Say all points with Feature X1 < 5 goes to one node (group G1), and all with X1 >= 5 goes to another node (group G2). Assume only two classes in GT C1 and C2

We get a perfect split if G1 and G2 belong to completely different classes

## How do we mathematically formulate this ?

If pC1G1 is the estimated fraction of points in group G1 belong to class C1 (just the count of all points in G1 belonging to C1 divided by total no of samples in G1) and pC2G1 is estimated fraction of points in group G1 

gini index of Group G1  GiniG1= 1 - $({pC1G1}^{2} + {pC2G1}^{2})$

Similarly , gini index of Group G2 GiniG2 = 1 - $({pC1G2}^{2} + {pC2G2}^{2})$


Overall Gini index = GiniG1 + GiniG2 

## So what happens if split is completely perfect or completely imperfect ?

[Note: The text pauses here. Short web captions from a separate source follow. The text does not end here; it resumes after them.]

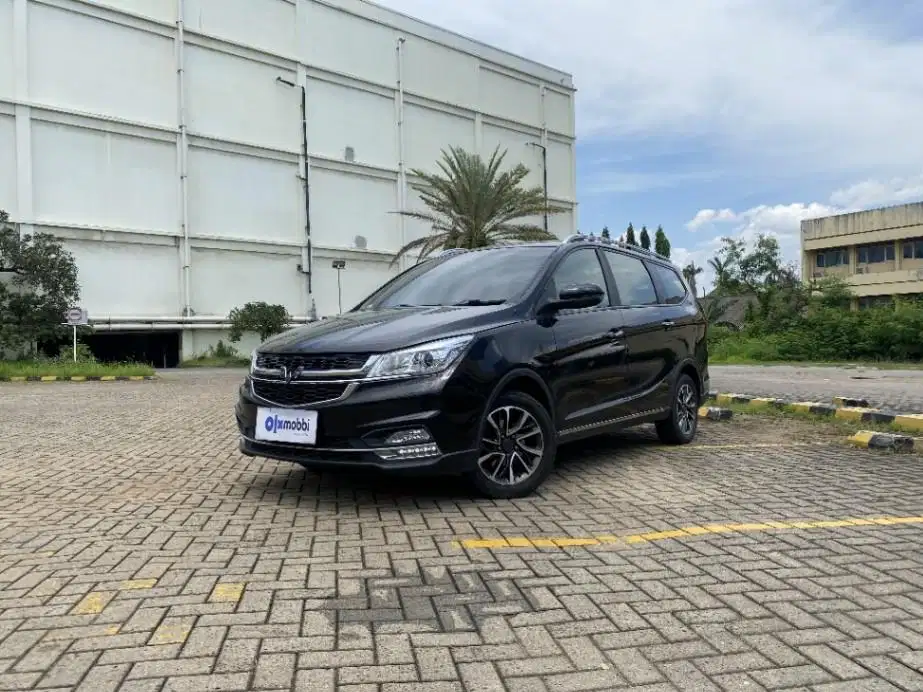 TDP 6, JT Wuling Cortez 1.5 CT Lux Bensin-AT Hitam 2019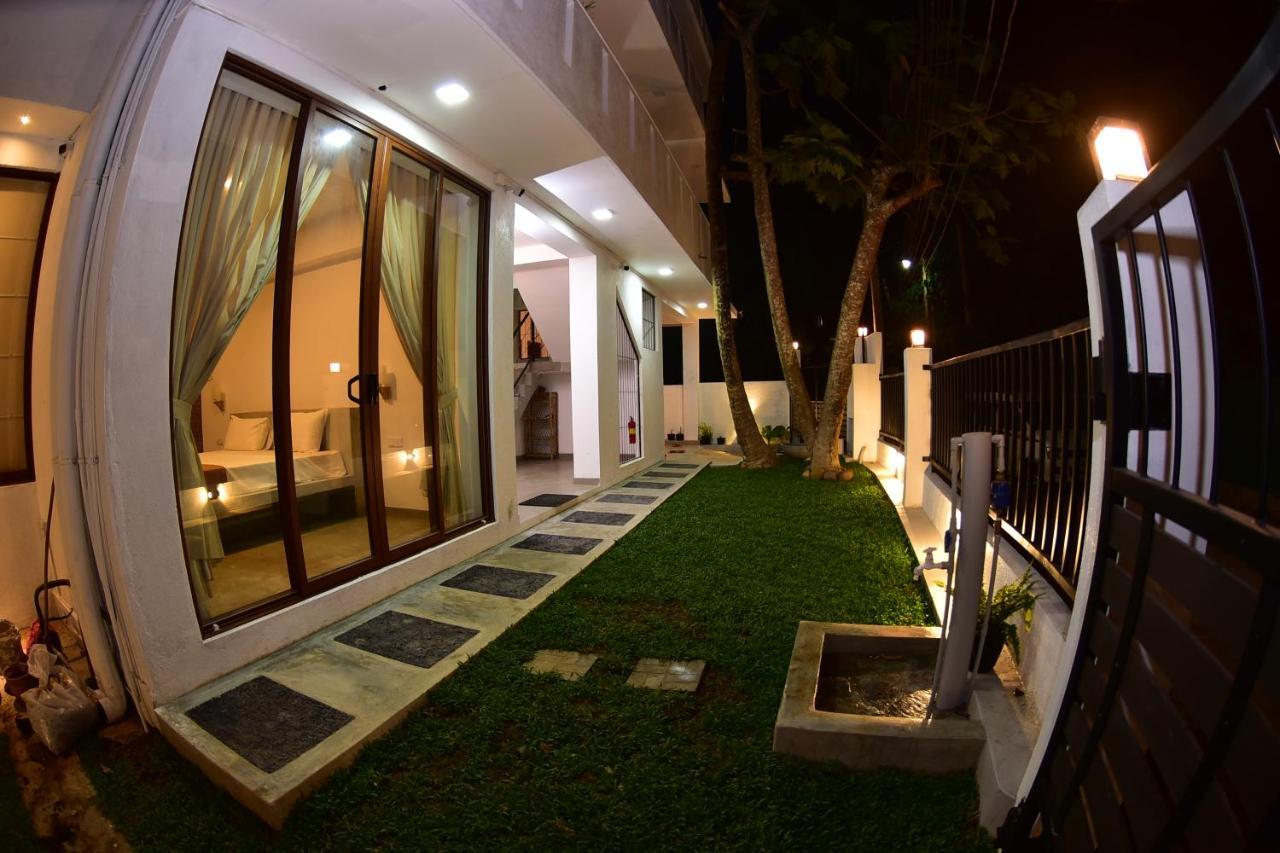 Lily Holiday Apartments Hikkaduwa Dış mekan fotoğraf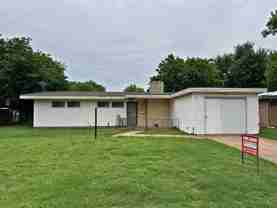 4111 Mcgaha Ave - Photo 1 of 1
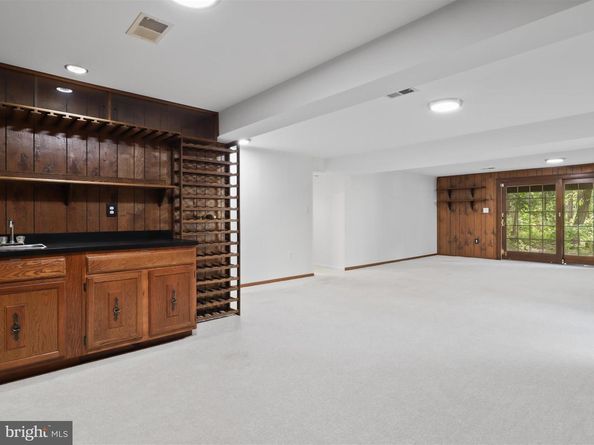5281 Navaho Drive, Alexandria VA 22312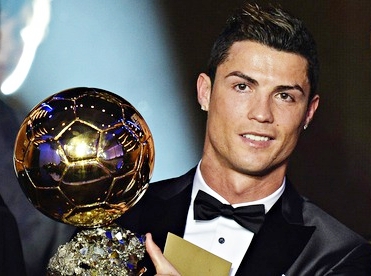 Ronaldo Altın Topu aldı
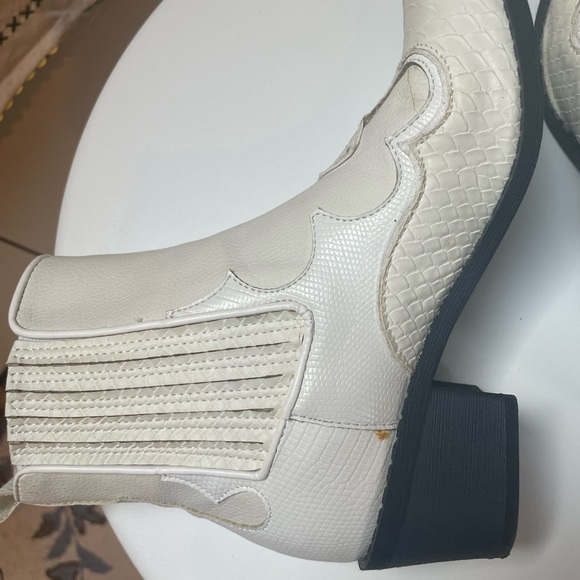 Free People White Ankle Western Boot Vegan Cavalier Boot - Picture 11 of 16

For a completely perfect split, pC1G1 = 1, pC2G2=1, pC1G2 = 0, pC2G1 = 0

Therefore, GiniG1 = 1 - (1 + 0) = 0
GiniG2 = 0

Theferefore, Gini Index for a perfect split is 0


For a completely imperfect split, all 4 probabilities will be 0.5

GiniG1 = (1 - $({0.5}^{2} + {0.5}^{2})$ = 1 - 0.5 = 0.5
Similarly, GiniG2 = 0.5

Gini Index overall = 0.5 + 0.5 = 1

This will extend even if we have a multiclass situation and more groups

If we have 2 groups, and 4 classes each,
a perfectly imperfect split will have a probability of 0.25 in each group

Therefore , GiniG1 =  (1 - $(4*{0.25}^{4})$  = 0.984375
Similarly , GiniG2 = 0.984375
Total Gini = 1.96875

## So what does this mean when used in training ?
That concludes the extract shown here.